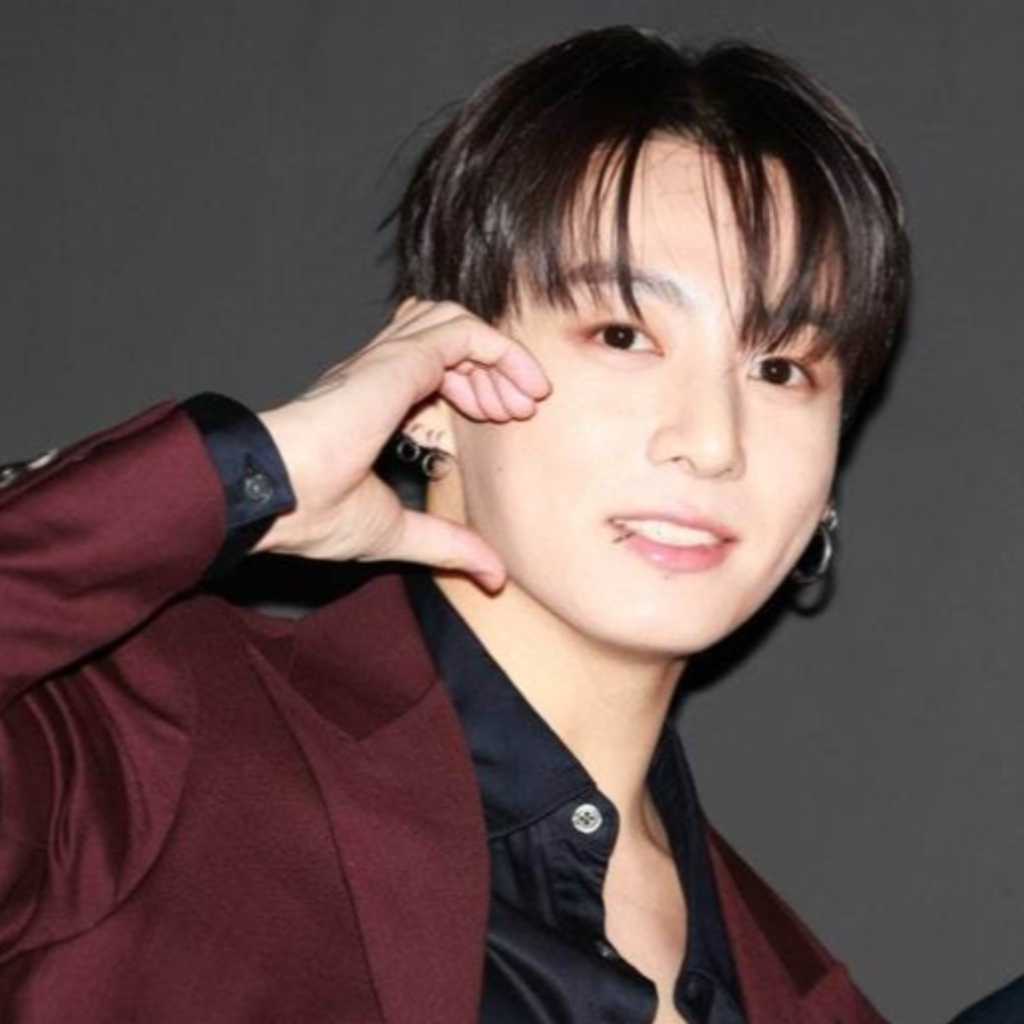 BTS ジョングク、妊娠中のファンを見つけ笑顔でひざまずく姿が話題に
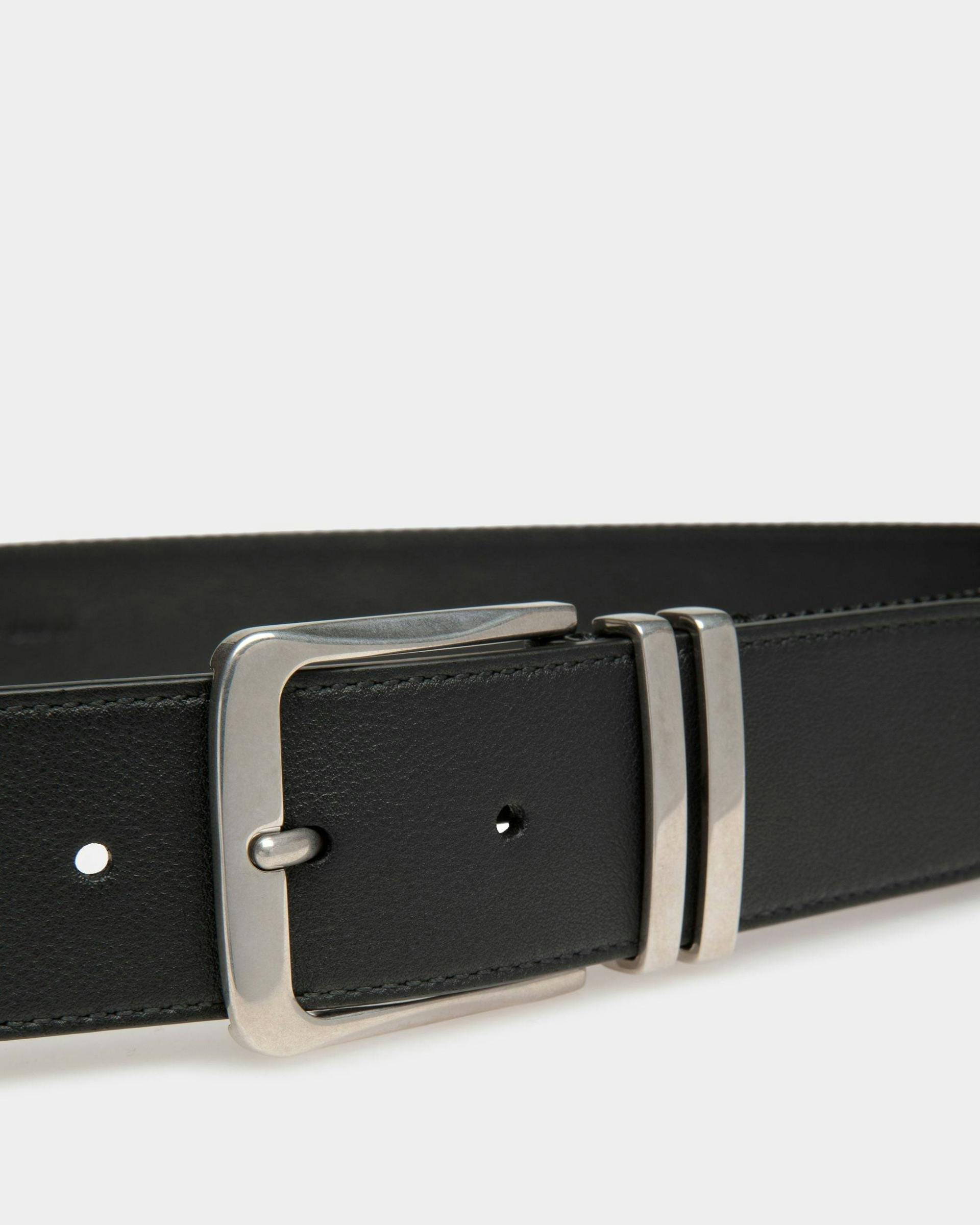 Men's Casual Fixed 40mm Belt In Black Fabric And Leather | Bally | On Model Front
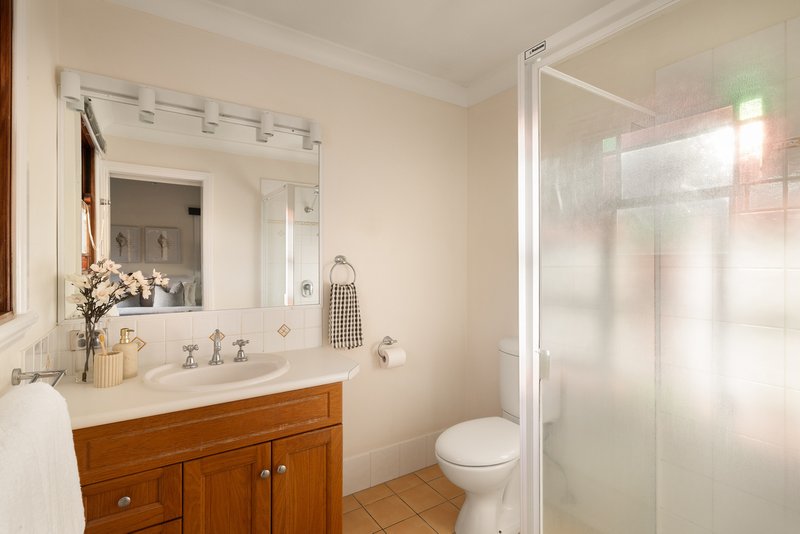 Photo - 8 Hooker Street, Windsor QLD 4030 - Image 14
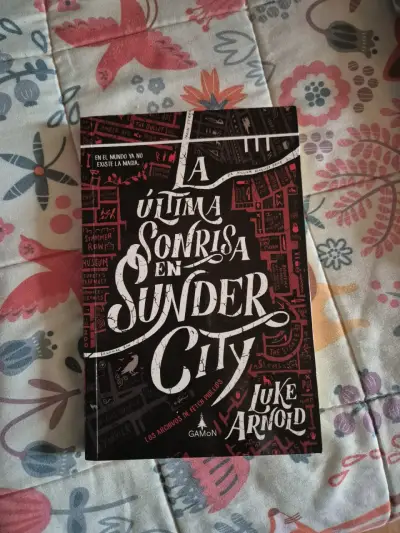 Libro 'La Última Sonrisa en Sunder City' - miniatura 1
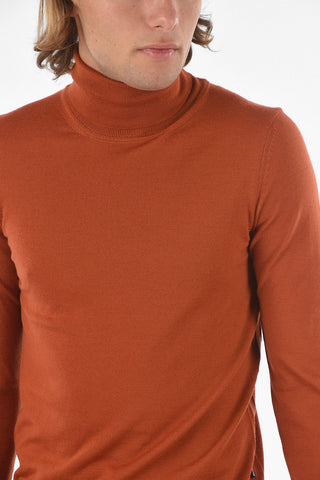 Virgin Wool Turtle neck Sweater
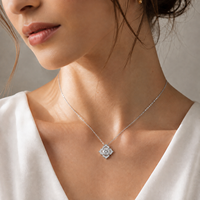 Pendentif en moissanite certifié GRA VVS en forme de fleur à quatre pétales, en argent S925 plaqué or blanc, serti de quatre griffes sécurisées, avec chaîne fine.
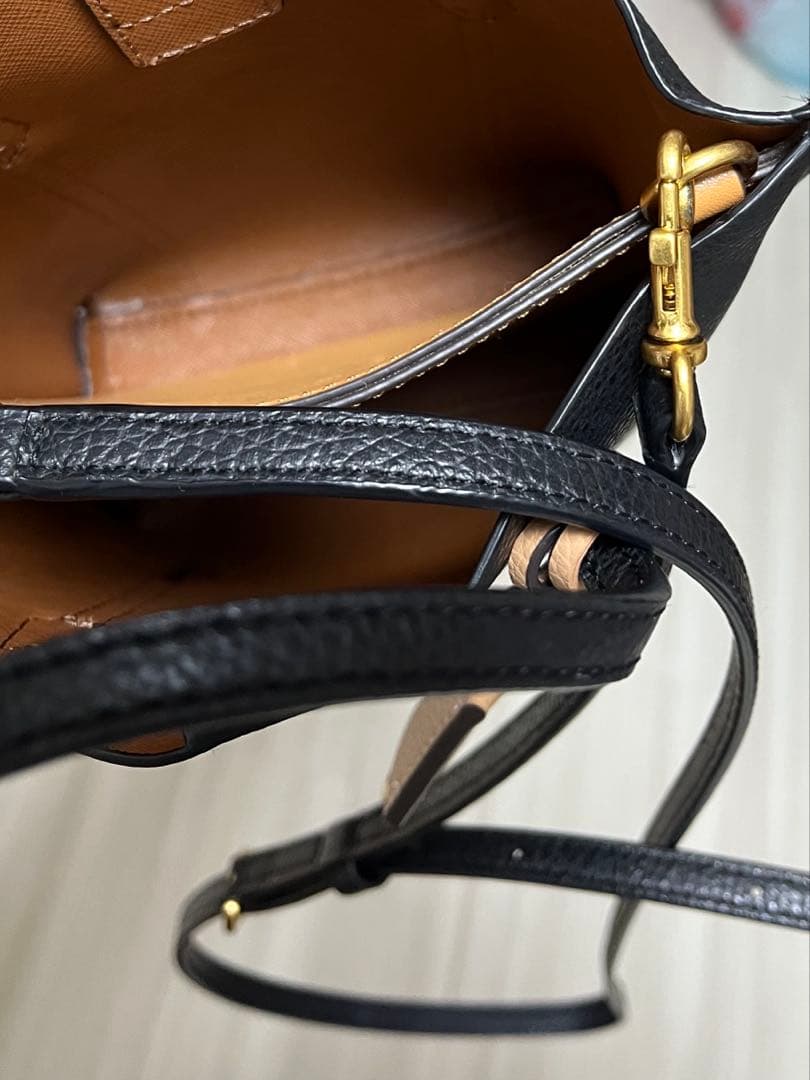 トリーバーチ ペリー ショルダー ブラック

--------------------------------------------------

**WHAT THE EXERCISE ASKS**. Please give all of the material again, exactly, without the images.

**SOLUTION TO THE PROBLEM**.
 BTS ジョングク、妊娠中のファンを見つけ笑顔でひざまずく姿が話題に
 Men's Casual Fixed 40mm Belt In Black Fabric And Leather | Bally | On Model Front
 Photo - 8 Hooker Street, Windsor QLD 4030 - Image 14
 Libro 'La Última Sonrisa en Sunder City' - miniatura 1
 Virgin Wool Turtle neck Sweater
 Pendentif en moissanite certifié GRA VVS en forme de fleur à quatre pétales, en argent S925 plaqué or blanc, serti de quatre griffes sécurisées, avec chaîne fine.
 トリーバーチ ペリー ショルダー ブラック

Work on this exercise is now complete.